In recent years, considerable interest has developed in the work of Mr. Emory’s friend and colleague, the late Mae Brussell.
For the better part of a decade, Mr. Emory played Mae’s tapes four times a week on KFJC-FM and KKUP-FM–twice a week on each station. The time slots were specifically selected to be accessible to working people–a weekday evening and a weekend morning or afternoon. The combined signal radii of the two stations stretched from Monterey to Berkeley [California], with the Silicon Valley being the main listening area.
She was also a very, very close friend and research colleague of Mr. Emory’s.
This interview, conducted on December 15, 1991, was the only public pronouncement by the Brussell family on the subject of the Mae Brussell Research Center [up until her daughter Barbara weighed in in 2021, operating from a position of complete ignorance], conceived of, and administered, by the late John Judge, and constituted their official stance on the matter. Note that Keyenne was, at the time, the sole member of the Brussell family dealing with this unfortunate affair.

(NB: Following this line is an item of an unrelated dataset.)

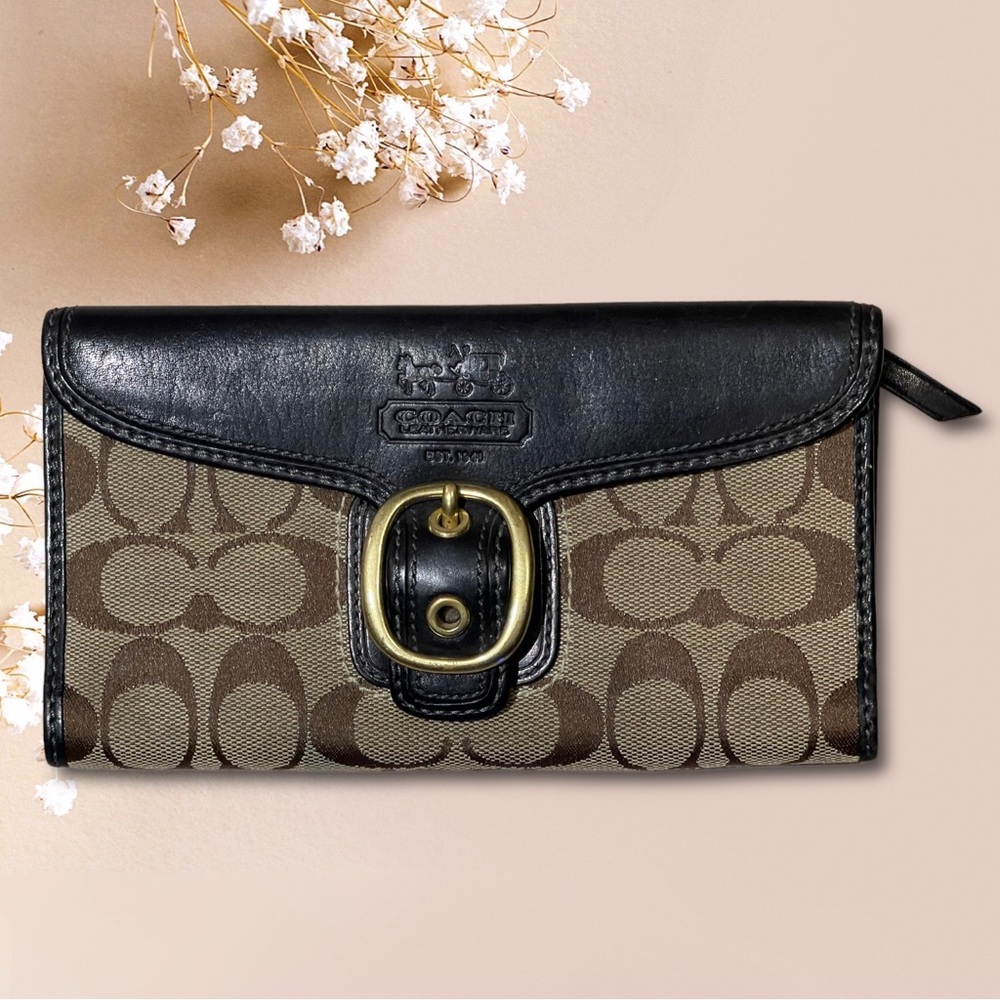 COACH Bleecker Signature Brown Leather Buckle Flap Wallet Clutch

Mae’s other daughter, Barbara, has christened activity in this regard, decades after Mae’s death and after she married the driver of the van in the accident that took the life of Mae’s third daughter, Bonnie. Mae was of the opinion–rightly or wrongly–that the accident was a “hit.”
In her public pronouncements, Barbara has paraded her fundamental ignorance about her mother’s work–claiming, among other things, that Mae had been threatened by the late Colonel Michael Aquino. He did NOT threaten her. He rattled legal sabers.
Barbara also claimed that the late musician Frank Zappa bought Mae a computer. He did not–he offered to buy her a computer, but she declined.
Note that the above interview was part of a longer program recorded on that date.
Disinformation spread in the aftermath of Mae’s death has advanced the falsehood that Mr. Emory wanted to gain possession of Mae’s library.
This is not only wrong but outside of the realm of physical possibility:
- Mae had a huge (and beautiful) house in Carmel, with books and filing cabinets filling the entire building. Mr. Emory lived in the Silicon Valley at the time. The real estate values there are some of the highest in the country. He could not possibly have afforded a building big enough to house the library. Mr. Emory has an enormous library himself and has no resources available for Mae’s archives.
- Mr. Emory has no time to oversee a library/archive project, as he has tirelessly, selflessly assembled a vast archive of audio and printed material over the last forty-plus years, doing so for no monetary compensation.
Since there appears to be continued interest in some quarters about the events in and around the Mae Brussell Center, we present the balance of that program.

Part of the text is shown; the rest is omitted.